◆ Activity: Starting at the line that contains "Zastavte se u Kovářů od Heywood Hardy" and stopping at the line that contains "펜션 Bright And Relax Studio A In Porto Rafti", transcribe every line of the material below exactly; pictures stay out.

◆ Information:

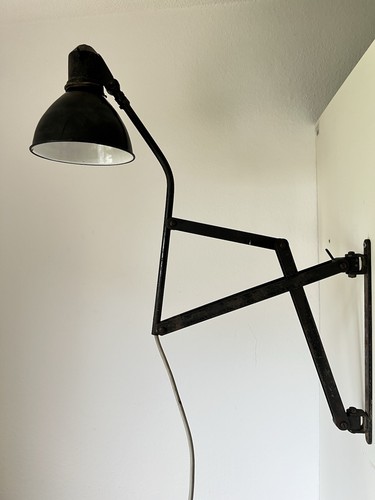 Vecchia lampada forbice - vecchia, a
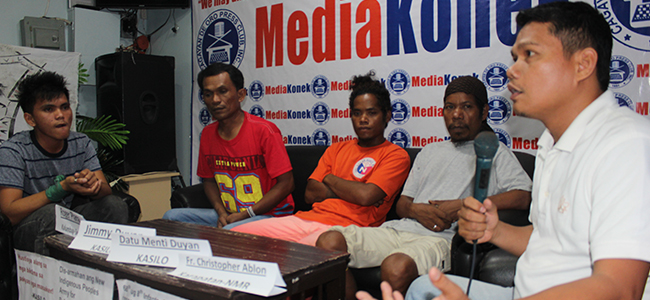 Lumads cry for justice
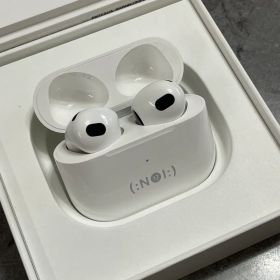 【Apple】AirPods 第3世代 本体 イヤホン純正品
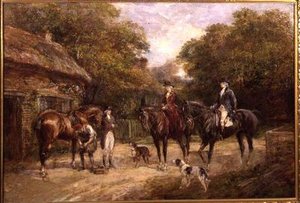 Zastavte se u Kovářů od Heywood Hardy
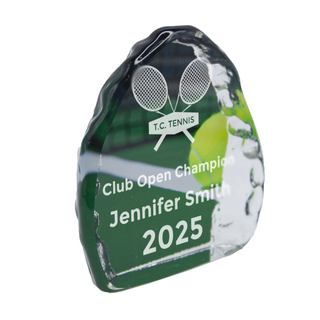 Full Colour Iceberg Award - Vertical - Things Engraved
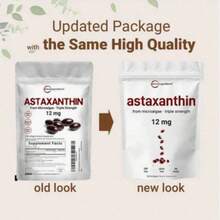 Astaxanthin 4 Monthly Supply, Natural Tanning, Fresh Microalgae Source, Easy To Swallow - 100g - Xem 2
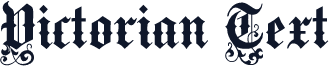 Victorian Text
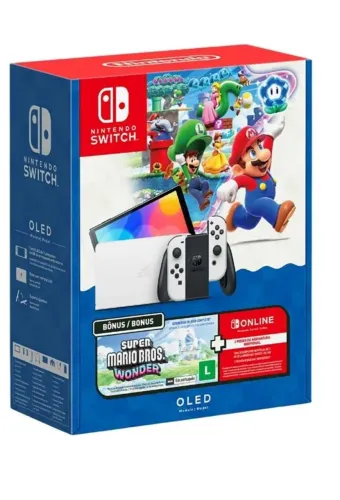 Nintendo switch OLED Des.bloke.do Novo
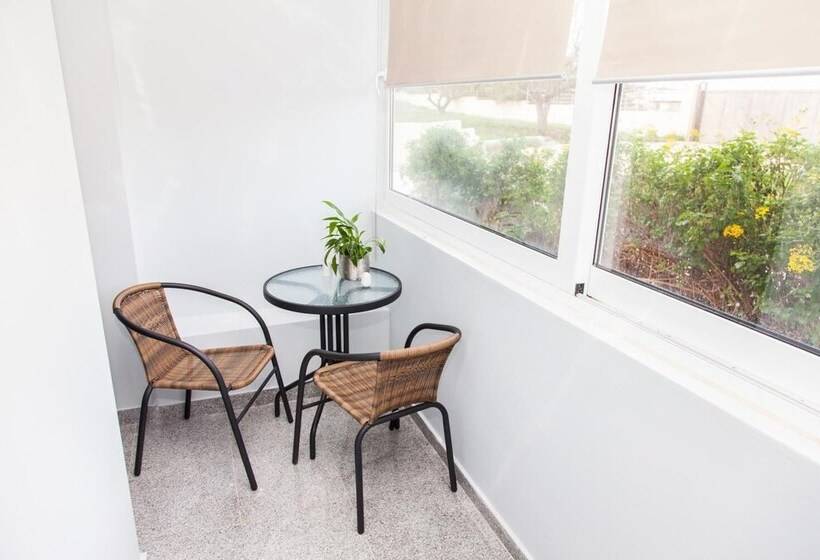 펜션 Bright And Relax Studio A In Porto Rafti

...

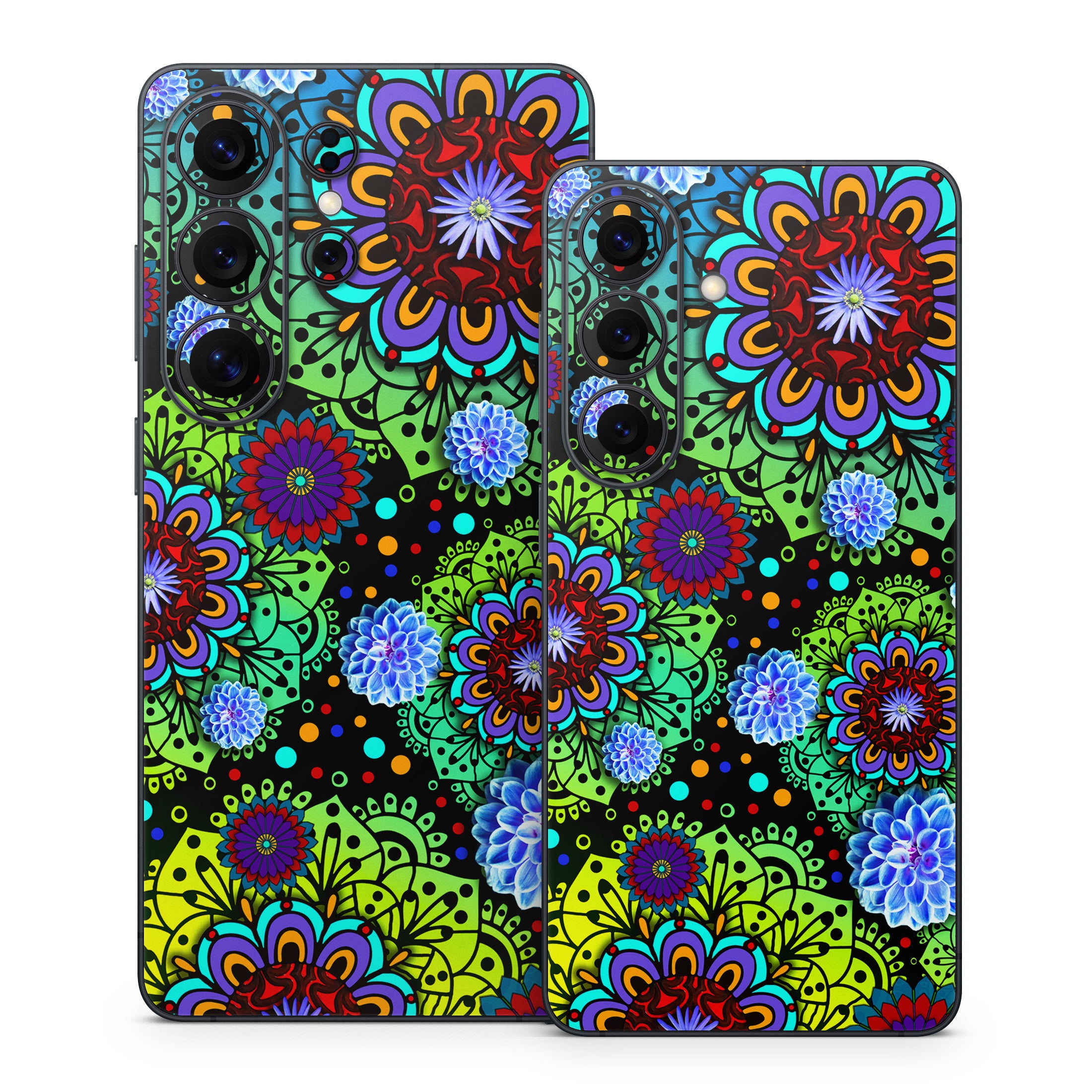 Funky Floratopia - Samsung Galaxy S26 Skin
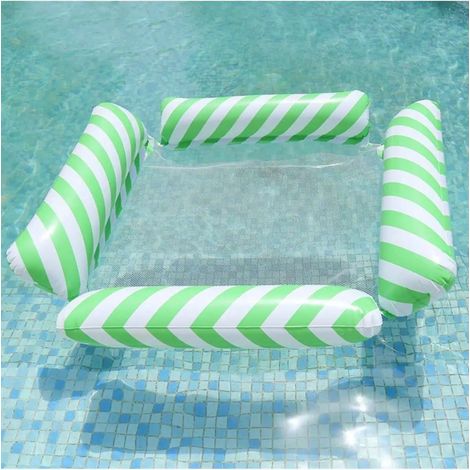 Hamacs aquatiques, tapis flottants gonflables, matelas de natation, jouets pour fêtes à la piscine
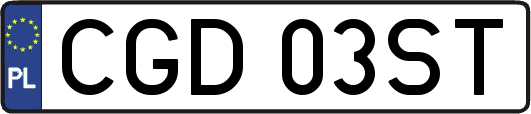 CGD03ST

==

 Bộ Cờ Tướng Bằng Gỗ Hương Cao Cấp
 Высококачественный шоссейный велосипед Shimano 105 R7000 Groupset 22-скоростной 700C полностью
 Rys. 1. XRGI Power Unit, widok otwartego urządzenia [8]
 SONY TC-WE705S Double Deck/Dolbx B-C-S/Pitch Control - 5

◆ Result for this task:
 Zastavte se u Kovářů od Heywood Hardy
 Full Colour Iceberg Award - Vertical - Things Engraved
 Astaxanthin 4 Monthly Supply, Natural Tanning, Fresh Microalgae Source, Easy To Swallow - 100g - Xem 2
 Victorian Text
 Nintendo switch OLED Des.bloke.do Novo
 펜션 Bright And Relax Studio A In Porto Rafti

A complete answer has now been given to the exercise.